As she was in 2020 and the 2022 campaigns, Jill Biden will be active in the 2024 election cycle, helping the Democratic Party build its resources and infrastructure while reminding supporters of what’s at stake.

“As she has been for all of her husband’s presidential campaigns, she will continue to be a formidable presence on the stump,” said senior campaign adviser Elizabeth Alexander. “Her warmth and approachability, combined with her more than 30 years as a teacher, make her an effective messenger on the campaign trail.”

The first lady, who identifies herself simply as “Jill”, is widely regarded by the political establishment as one of her husband’s strongest assets. Democratic consultants and pollsters say people see her as someone they can relate to, perhaps even reminding them of their favorite teacher.

“Some people go to presidential fundraisers because, in quotes, it’s necessary,” said Bob Mulholland, a longtime Democratic campaign strategist. “People go to Jill Biden fundraisers because they want to hear about her.”

“Everyone who meets this woman loves her,” added Steve Westly, a Bay Area venture capitalist who helped raise large sums of money for Biden in 2020.

Westly, who is expected to welcome the president home later in June, said Jill Biden is “the most genuine, sunny, warm, kind person you will ever meet. She just breathes that.

Although the young woman whose future husband told her she would never have to give a political speech has become a seasoned public speaker, she still has the occasional moment of rest. The first lady was criticized, then apologized last year for comparing the diversity of Hispanics to the flavor of breakfast tacos, and earlier this year she sparked a kerfuffle with an offhand remark that the losers of the NCAA Women’s Basketball Finals are expected to come to the White House along with the winners. This idea was rejected outright and soon died.

Republican strategist Doug Heye said he hasn’t really heard Jill Biden’s name come up in conversations on this side of the political aisle.

“First ladies tend not to be ‘capital P’ politicians, which is an advantage for them,” Heye said. “She’s not really in that thought process.”

He said the wives of presidents are generally popular with independent voters and that political parties should be careful not to try to make them targets.

“If you criticize the first lady, it can backfire,” Heye said.

Celinda Lake, who conducts polls for the Democratic Party, said voters “love, love, love” that Biden is still teaching at a community college and hasn’t jumped to a more prestigious private college or university.

“As a teacher, she knows how to listen and distinguish people who she thinks need extra attention or extra conversation,” Mulholland added.
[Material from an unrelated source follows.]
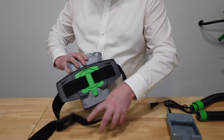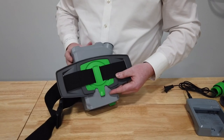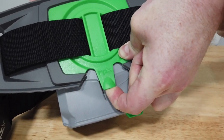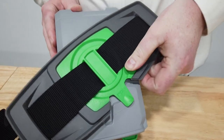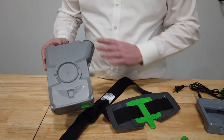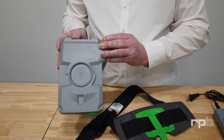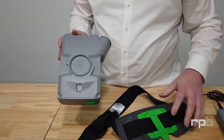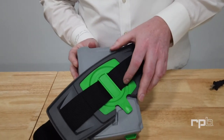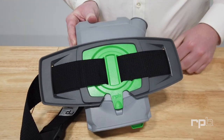With the PX5, you can also remove the belt to help with cleaning the unit. Get the latch and lift up on it, then rotate that belt holder and remove it from the PX5. That makes it easier for cleaning, decontaminating, and storing the unit. To reattach it, locate the belt onto the back of the PX5 and twist it back into position.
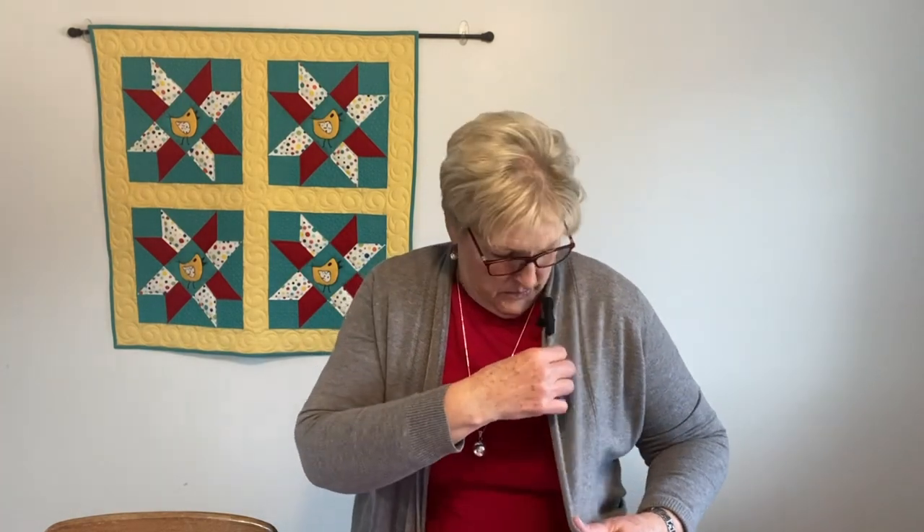Hi, I'm Di with Sister Chicks Quilting. Welcome to my channel.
Earlier this year, Jill Biden told The Associated Press in an interview that her husband has more he would like to do for the American people.

“He says he’s not finished,” she said. “He didn’t finish what he started. And that’s what’s important. »

The 72-year-old first lady participated in nearly 40 campaign and fundraising events in the fall of 2022 in more than a dozen states for Democratic candidates up and down the ballot. She is nine years younger than the president, who turns 81 in November.

In some cases, she appeared with candidates who were in tight re-election races, taking the place of the president, who was not always welcome. His public reputation was – and remains – below 50%.

She promoted the administration’s achievements and the legislation that Biden was able to push through and enact in his first two years in office despite what were then narrow Democratic majorities in the House and Senate, such as the COVID-19 relief funds to help schools reopen and money for the country’s infrastructure needs. She urged supporters to send more Democrats to Congress, but Republicans ended up winning back the House while Democrats retained the Senate, gaining a seat in that chamber.

The first lady also got personal and started appealing, mostly to women but also to men, after the Supreme Court last June overturned Roe v. Wade of 1973 which established a constitutional right to abortion.

She began telling the story of a high school friend’s struggle to end her pregnancy in the late 1960s, when the procedure was illegal, and how she helped her friend recover.

“How could we go back to that time? she asked.